Having three, at least essentially, orthogonal radiation patterns is desirable, since this enables the rows in the channel matrix to be independent. This in turn means that the present invention is applicable for the MIMO system.
By means of superposition, all modes of operation may be operating at the same time, thus allowing the triple-mode antenna arrangement to transmit three essentially orthogonal radiation patterns.
The actual implementation of the feeding arrangement is not important, but may vary in ways which are obvious for the skilled person. The important feature of the present invention is that the patches 2, 3 are fed in three modes of operation, where the first mode of operation results in an E-field 38 being acquired at the circumferential slot 38 between the first 2 and second 3 patch.
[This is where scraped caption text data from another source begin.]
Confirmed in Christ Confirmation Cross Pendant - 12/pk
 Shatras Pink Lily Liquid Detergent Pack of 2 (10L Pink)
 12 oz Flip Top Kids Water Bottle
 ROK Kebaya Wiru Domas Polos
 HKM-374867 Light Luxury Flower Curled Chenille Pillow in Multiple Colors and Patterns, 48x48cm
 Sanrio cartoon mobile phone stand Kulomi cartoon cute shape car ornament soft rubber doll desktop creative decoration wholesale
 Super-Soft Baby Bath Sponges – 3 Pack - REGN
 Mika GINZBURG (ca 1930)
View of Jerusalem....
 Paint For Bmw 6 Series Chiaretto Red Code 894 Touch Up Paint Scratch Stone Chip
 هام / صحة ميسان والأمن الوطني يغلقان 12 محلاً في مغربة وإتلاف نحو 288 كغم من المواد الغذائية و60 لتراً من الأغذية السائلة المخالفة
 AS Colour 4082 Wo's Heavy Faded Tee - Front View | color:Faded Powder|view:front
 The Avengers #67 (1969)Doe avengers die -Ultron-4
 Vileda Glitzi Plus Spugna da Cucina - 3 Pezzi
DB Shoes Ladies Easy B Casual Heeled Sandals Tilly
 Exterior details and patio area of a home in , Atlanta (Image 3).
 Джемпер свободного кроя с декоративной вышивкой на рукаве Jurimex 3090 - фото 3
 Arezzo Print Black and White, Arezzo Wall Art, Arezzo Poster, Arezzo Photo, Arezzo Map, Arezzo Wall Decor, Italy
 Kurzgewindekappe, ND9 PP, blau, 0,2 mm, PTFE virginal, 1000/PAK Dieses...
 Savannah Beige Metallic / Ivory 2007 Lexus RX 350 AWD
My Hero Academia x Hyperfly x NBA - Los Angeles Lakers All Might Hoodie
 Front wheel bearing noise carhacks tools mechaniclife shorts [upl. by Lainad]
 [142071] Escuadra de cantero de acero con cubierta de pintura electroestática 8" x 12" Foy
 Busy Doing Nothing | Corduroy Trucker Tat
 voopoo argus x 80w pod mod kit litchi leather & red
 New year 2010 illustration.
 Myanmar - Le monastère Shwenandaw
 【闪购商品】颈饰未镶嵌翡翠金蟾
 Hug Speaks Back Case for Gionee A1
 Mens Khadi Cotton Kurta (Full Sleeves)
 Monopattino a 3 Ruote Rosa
The other modes of operation result in two E-fields 39, 40 which have sine variations of the field strength being acquired at the circumferential slot 37 between the first 2 and second 3 patch, where one of these E-fields is rotated 90° with respect to the other. This function is not limited by the design of the feeding arrangement or how the feeding points 18, 19, 20, 21 are conceived. They may for example obtain electrical connection in a contactless manner, i.e. by means of capacitive coupling as known in the art.
Due to reciprocity, for the transmitting properties of the triple-mode antenna arrangement 1 described, there are corresponding equal receiving properties, as known to those skilled in the art, allowing the triple-mode antenna arrangement to both send and receive in three essentially uncorrelated modes of operation.
The invention is not limited to the embodiments described above, which only should be regarded as examples of the present invention, but may vary freely within the scope of the appended claims.
Other types of patches may be conceivable, instead of those described. For example, the patches may have other shapes, for example square, rectangular or octagonal. The three patches may also have different shapes between themselves, i.e. the first patch may be octagonal, the second patch square etc. The patches may be made in any appropriate conducting material, for example copper, aluminium, silver or gold. The patches may further be made from thin metal sheets and separated by air only, held in place by means of appropriate retainers (not shown). Alternatively, the patches may be etched from copper-clad laminates.
Any kind of feeding of the patches is within the scope of the invention, where different kinds of probe feed are the most preferred. The capacitive probe feed mentioned above is such an alternative.
The distance d between the first imagined line and the respective feeding points does not have to be the same for every feeding point, but may vary if appropriate. The positioning of the feeding points is determined by which impedance that is desired. In other words, the distance d is generally varied in order to obtain a desired impedance matching.
The first imagined line does not have to pass through a central area of the patches, but may pass the patches wherever appropriate.
The feed network may further be implemented in many different ways, which ways are obvious for the person skilled in the art. The patches may be fed in such a way that other mutually orthogonal polarizations may be obtained, for example right-hand circular polarization and/or left-hand circular polarization.